A China é responsável por 21% (457 bilhões de dólares) das importações norte-americanas, e é destino de 9,3% da produção norte-americana (128 bilhões de dólares). O Ministério de Relações Exteriores da China classificou a proposta como “inaceitável.”
Se Trump de fato levasse o plano a frente, poderia criar uma cisão econômica entre a RPDC e a China (83% das importações norte-coreanas vêm da China, e 85% das exportações tem ela como destino), mas seria Guam, Seul e Tóquio, e não Pyongyang, o alvo do “fogo e fúria” no dia seguinte.

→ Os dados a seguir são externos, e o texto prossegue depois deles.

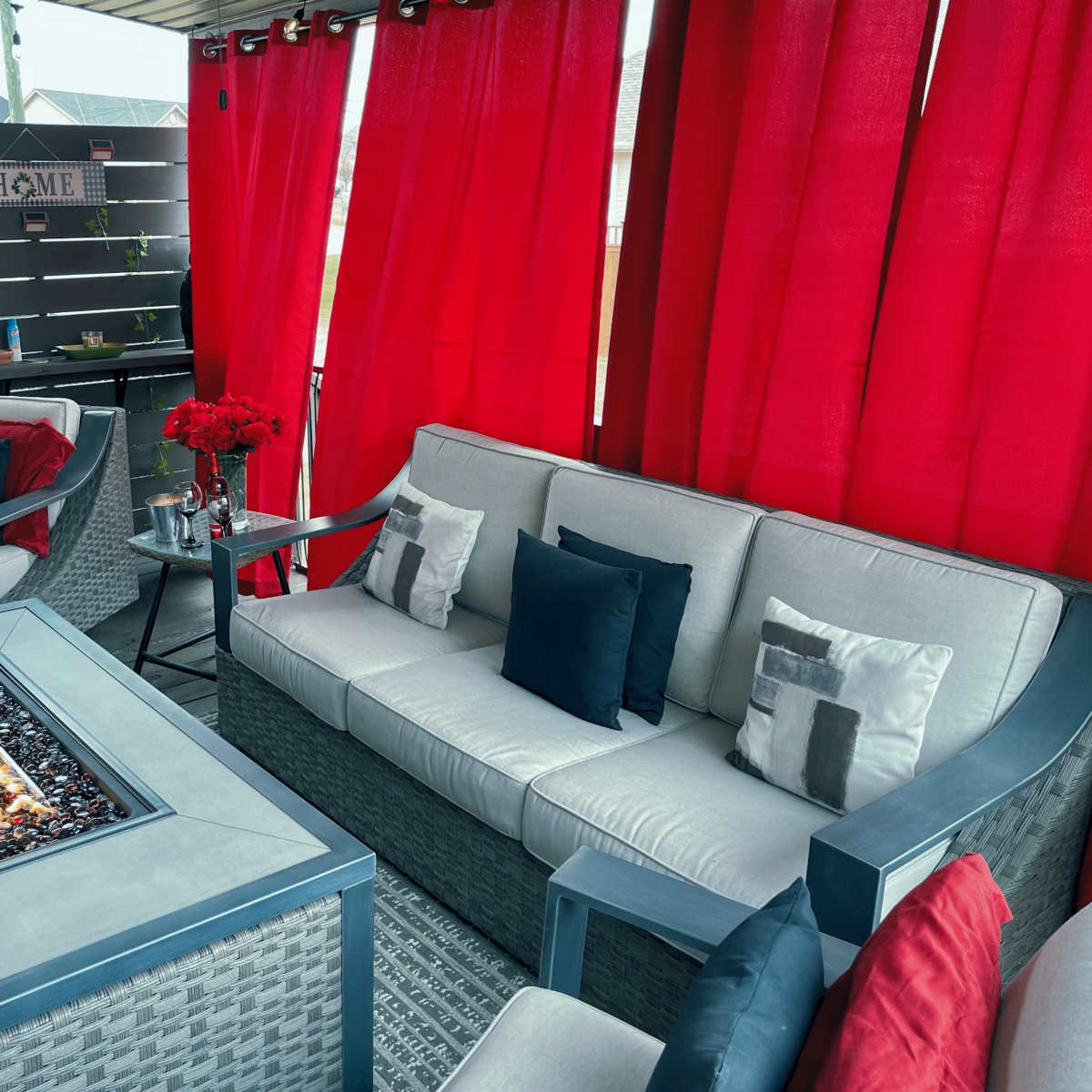 A cozy outdoor seating area features a fire table with glass stones, surrounded by a sofa and decorative pillows, against a backdrop of red curtains and a wooden wall.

O ataque teria de ser respondido à altura, e a China pode abrir mão do carvão norte-coreano, mas não do escudo em suas fronteiras que a Coreia do Norte constitui contra o império.
*Alguns falam na superação da questão do posicionamento de tropas em um mundo em que mísseis podem ser lançados do mar e do ar; trata-se de uma percepção absolutamente equivocada por duas razões: a primeira; a guerra é a política em sua forma militarizada, e vice-versa. A aproximação de tropas de um país na fronteira de outro poderia não ser fundamental no caso de guerra, mas é importante quando se trata de pressão política. É este o sentido geopolítico que tem o golpe na Ucrânia e a consequente tomada do poder por parte de figuras ligadas aos EUA – e em vários casos favoráveis à entrada do país na OTAN – em relação à Rússia.

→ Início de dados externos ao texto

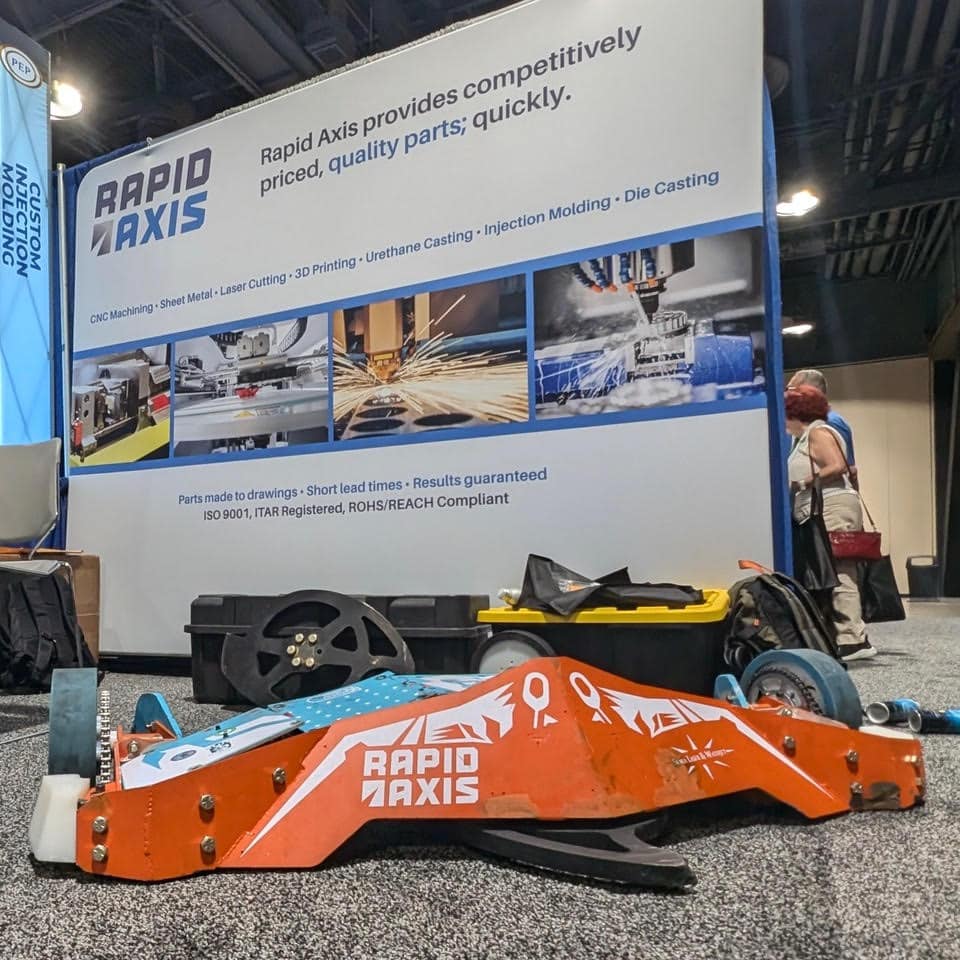 A Trade Show Booth Displays A Large Poster With &Quot;Rapid Axis&Quot; Offering Machining Services. In Front, An Orange Robotic Vehicle Resembling Those Seen In Battlebots, Adorned With The &Quot;Rapid Axis&Quot; Logo, Is Showcased On The Floor, Drawing Attention.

A segunda razão é que, mais importante do que destruir seu inimigo, é consolidar seu poder. Simplesmente bombardear um país sem avançar com tropas que garantam a posterior estabilização pode ser interessante a diversos interesses econômicos, mas simplesmente não faz sentido no que se refere à política (um exemplo clássico é o do bombardeio, com bombas atômicas, do Japão – se os soviéticos tivessem as ilhas Kurilas e Sakalinas em seu poder, e a disposição de avançar, teriam consolidado a autoridade no país asiático, em detrimento dos norte-americanos, apesar dos últimos terem sido os responsáveis pelo bombardeio).
Sem o apoio dos sul-coreanos, portanto, uma chuva de mísseis no norte só poderia criar um vazio de poder, e mesmo com o apoio sul-coreano a segunda maior potência militar do planeta – a China – avançaria sobre o território. Trump pode gritar da plateia, mas seria destruído se conseguisse um lugar na mesa.